I wrote this last night before the reshuffle started! I’ll follow up on that in due course. Danny
The best and worst of Britain was on display this weekend. I argued in advance that the pro-Palestine march should not be allowed to go ahead on Armistice Day. For weeks we have had the blatant display of anti-Semitism on our streets - banners and chants openly calling for the destruction of the Jewish state - by people who also, it is apparent, hate the West and its values.
The fact that some otherwise decent people who don’t hate the West (or not to the point of saying so), including those who simply sympathise with the terrible plight of the Palestinians, lent their moral weight to these extremists by marching alongside them, is something they must explain; it doesn’t make the marches OK, any more than some nice conservatives and ordinary patriots marching alongside the thugs who came to counter-protest would have made their demonstration OK. The relative proportions don’t matter: both march and counter-march were a bad idea for 11 November.
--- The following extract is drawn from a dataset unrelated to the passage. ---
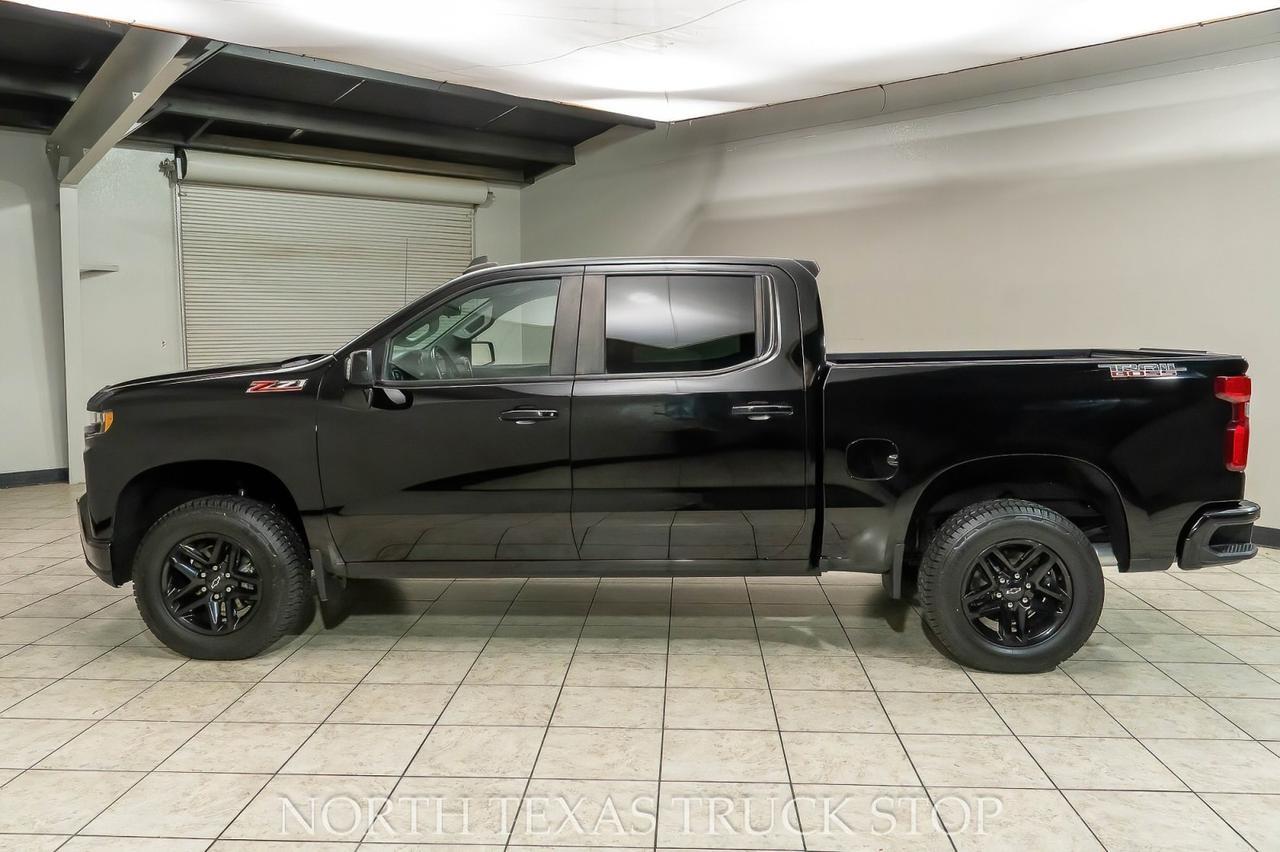 2021 Chevrolet Silverado 1500 LT Trail Boss 6.2L Ecotec3 4x4 Mansfield TX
Yet we also saw this weekend the best of our country. I attended the Remembrance Sunday service yesterday at Ludgershall, in the company of the Mayor, the Deputy Lord Lieutenant, the Town Council, around 300 men and women in the khaki uniform of 26 Engineer Regiment, and some hundreds of local people. As ever I felt honoured to be there, laying a wreath in the heart of the district where over the centuries so many soldiers and their families have lived; a living community which restores one’s faith in humanity and in our country.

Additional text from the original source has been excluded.